Le lieu que j’aime pour la proximité entre le public et les artistes qui rend leur musique toujours plus authentique qu’ailleurs est un cependant un écrin bien exigu pour une troupe comme celle-ci. Le groupe s’est adapté sans mal à la dimension de la scène et s’est rangé en quinconce sur trois rangées, la scène ressemblait à un radeau de la méduse prêt à sombrer sur lequel étaient quand même prêts à se ruer les danseurs les plus énergiques qu’inévitablement les musiciens ont fait monté sur scène. Tout le monde se trouvait facilement une place, voire en changeait sans difficulté. Ils ont l’air d’avoir tout fait, tout leur est naturel, chacun se débrouille. Leur aisance est impressionnante et leur énergie difficile à ressentir autrement qu’en face d’eux en live. C’est un groupe qu’il faut aller voir à chaque fois qu’on le peut, on en ressort hébété par tant de qualité, d’énergie et la quintessence d’un esprit funk toujours magique qui rassemble tout en permettant à chacun de laisser échapper sans complexe sa propre exubérance.

C’est cette liberté unique dans le monde de la musique que Georges Clinton a su pérenniser avec ses groupes pléthoriques fait de fidèles ou de musiciens embarqués au cours de leur éternel périple funk autour du monde. Qui peut aujourd’hui voyager à plus de trente personnes en tournée, présenter deux bassistes et deux batteurs pour composer quatre section rythmiques différentes, intervertis au gré des morceaux pour toujours obtenir le meilleur résultat ? Le concert terminé, la moitié des musiciens traine sur scène et ne veux pas partir. Un guitariste qui a enchainé les problèmes pendant le set, continue à jouer avec une chanteuse qui chante à tue tête. Quand on connaît la vie de tournée et la difficulté d’exister aux yeux du public dans la durée, l’existence de ce groupe apparaît comme une réussite professionnellement et humainement, assez exemplaire. Le groupe polymorphe change, certains des musiciens sont là depuis très longtemps, il se recompose sans cesse autour de musiciens talentueux, hyper volontaires et très humains dans leur relations avec le public et les autres artistes croisés en tournée. Une volonté de partager et un amour de la musique en groupe lient toutes ces générations de musiciens qui se sont succédés à ses côtés.
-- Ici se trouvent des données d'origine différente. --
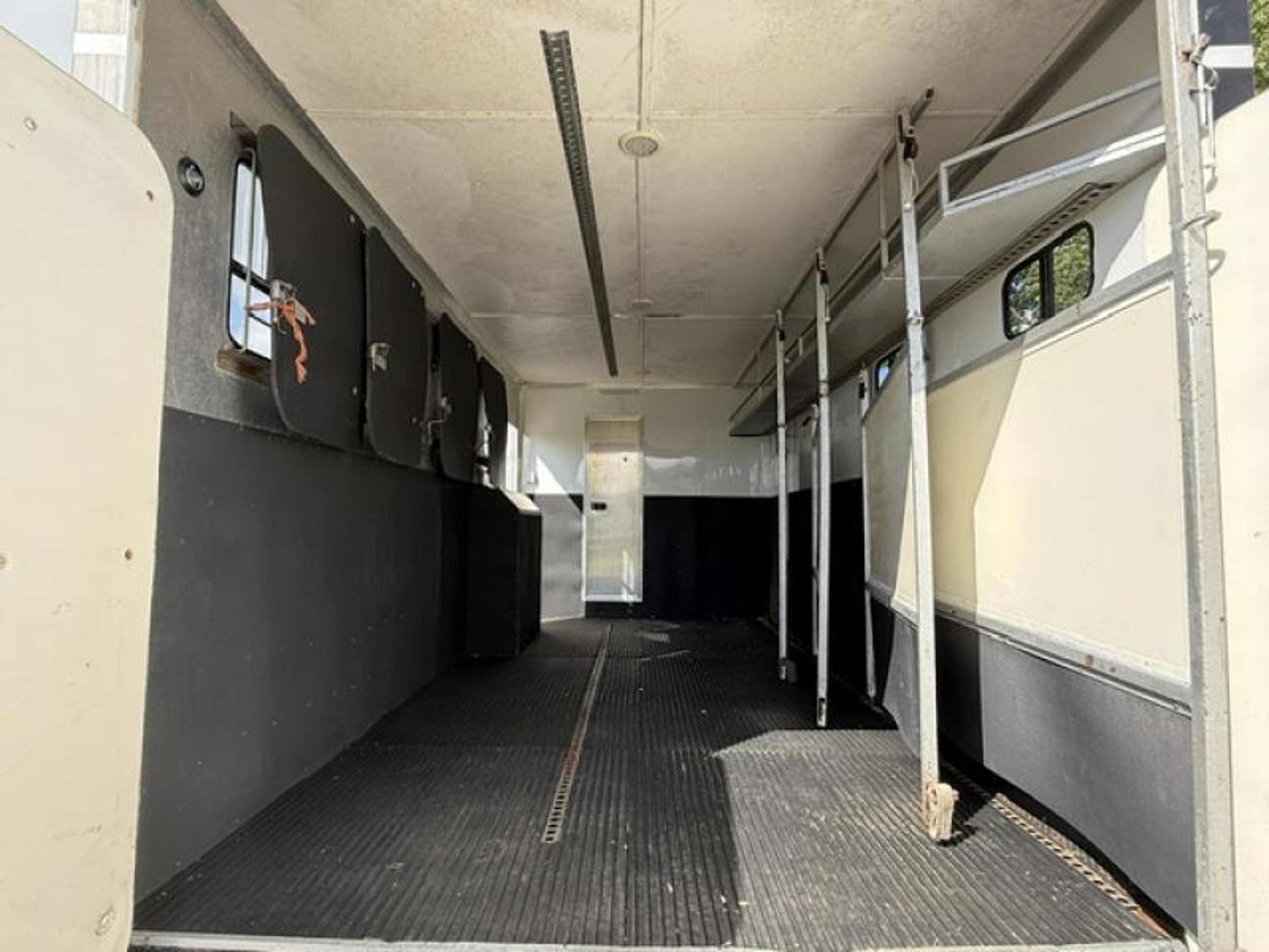18t MAN TGM Horse Lorry - image 16 of 18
C’est un véritable talent qu’exprime Georges Clinton à organiser tout cela avec une telle constance dans l’esprit et dans la qualité.
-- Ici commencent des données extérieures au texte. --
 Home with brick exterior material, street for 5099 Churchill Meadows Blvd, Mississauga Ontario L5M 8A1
Ce mélange de talent, d’authenticité, de chaleur et d’humanité auquel les années apportent une aura sans cesse grandissante fait toujours autant de bien. Georges est grand, son esprit toujours en nous ! Ce mardi soir Le Mas était habité par une dimension spirituelle qui dépasse ce que produit habituellement la musique, encore un petit miracle auquel on se félicite de participer corps et âme, merci à eux.